- [Data listing]:
_ _ _

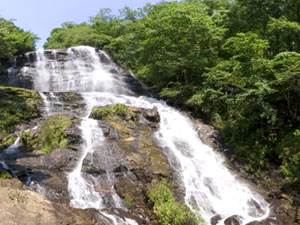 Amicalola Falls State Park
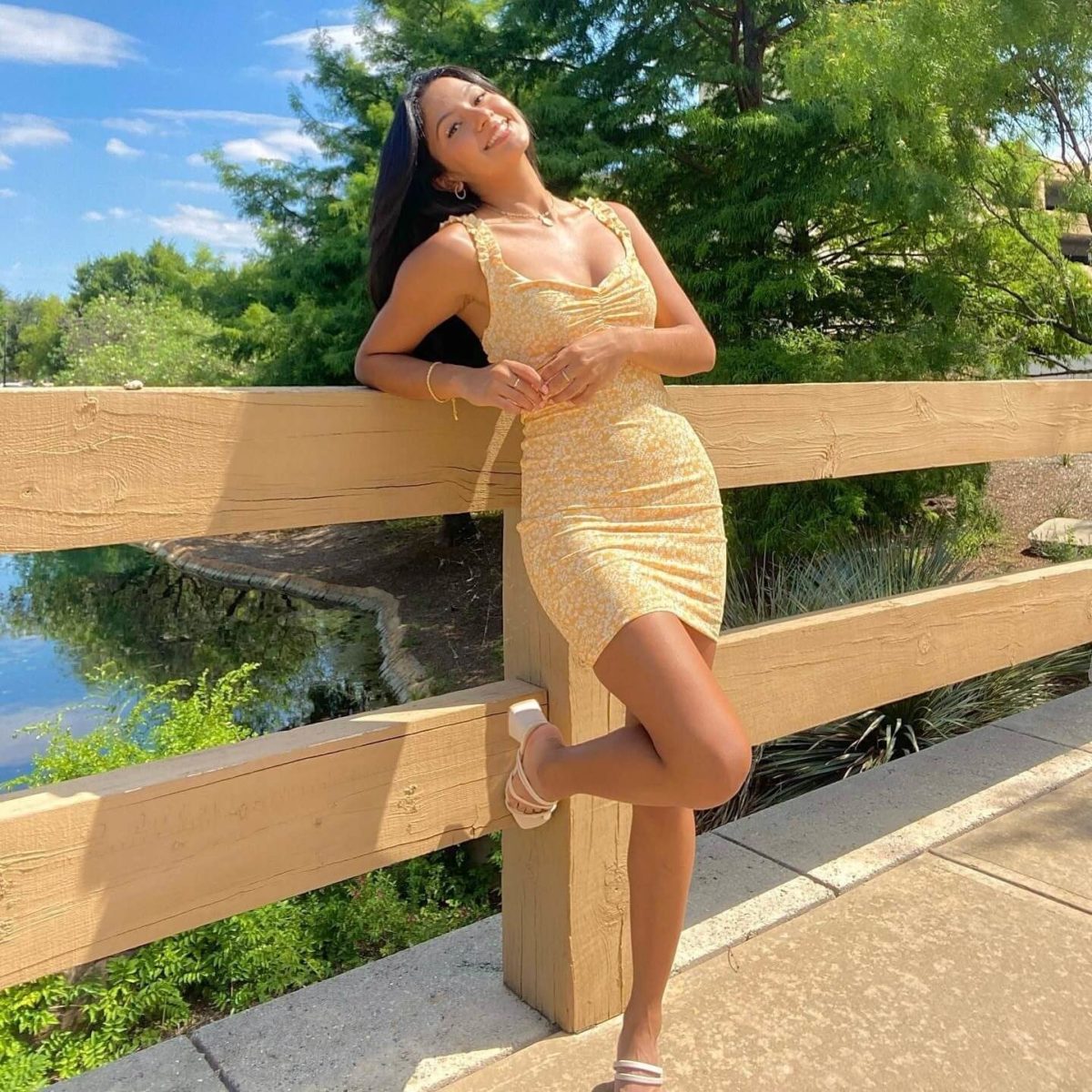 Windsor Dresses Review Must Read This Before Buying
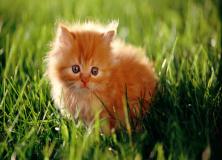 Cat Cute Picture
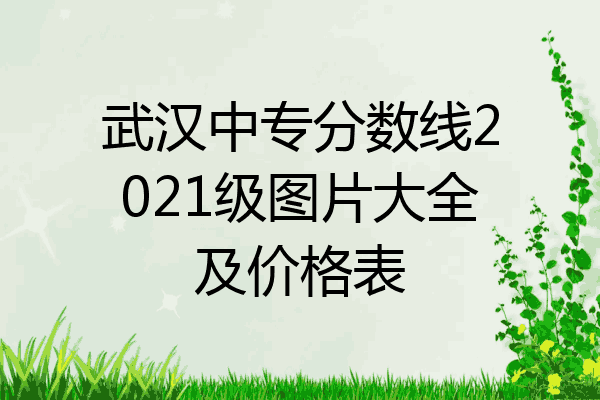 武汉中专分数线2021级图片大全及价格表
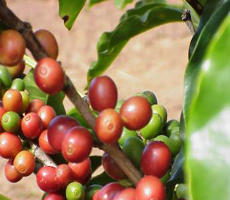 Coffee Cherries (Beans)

_ _ _

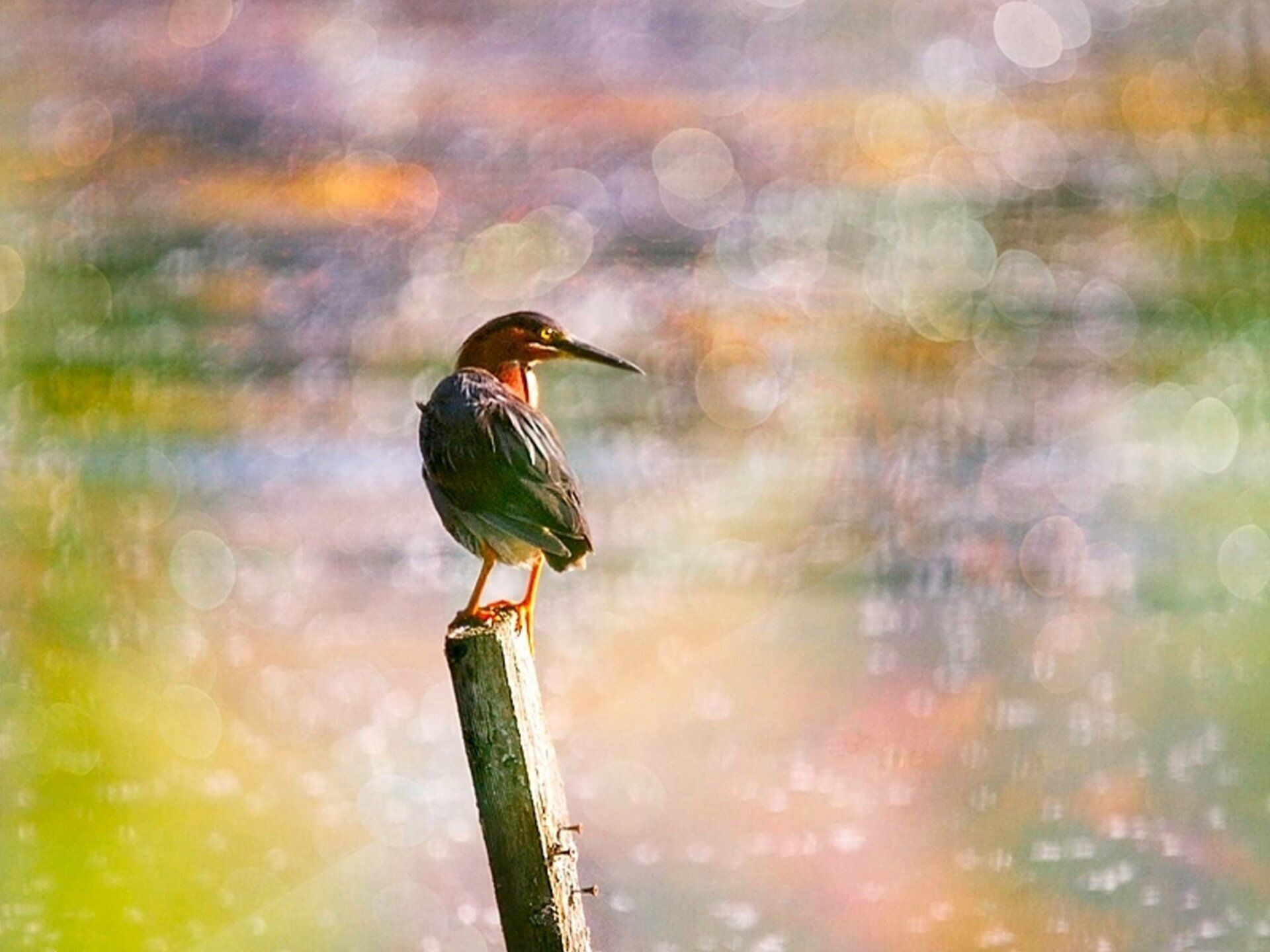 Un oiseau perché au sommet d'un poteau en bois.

_ _ _

Copy word for word the lines above, starting at the line containing "Windsor Dresses Review" and ending at the line containing "Coffee Cherries (Beans)", inclusive, with no pictures.

 Windsor Dresses Review Must Read This Before Buying
 Cat Cute Picture
 武汉中专分数线2021级图片大全及价格表
 Coffee Cherries (Beans)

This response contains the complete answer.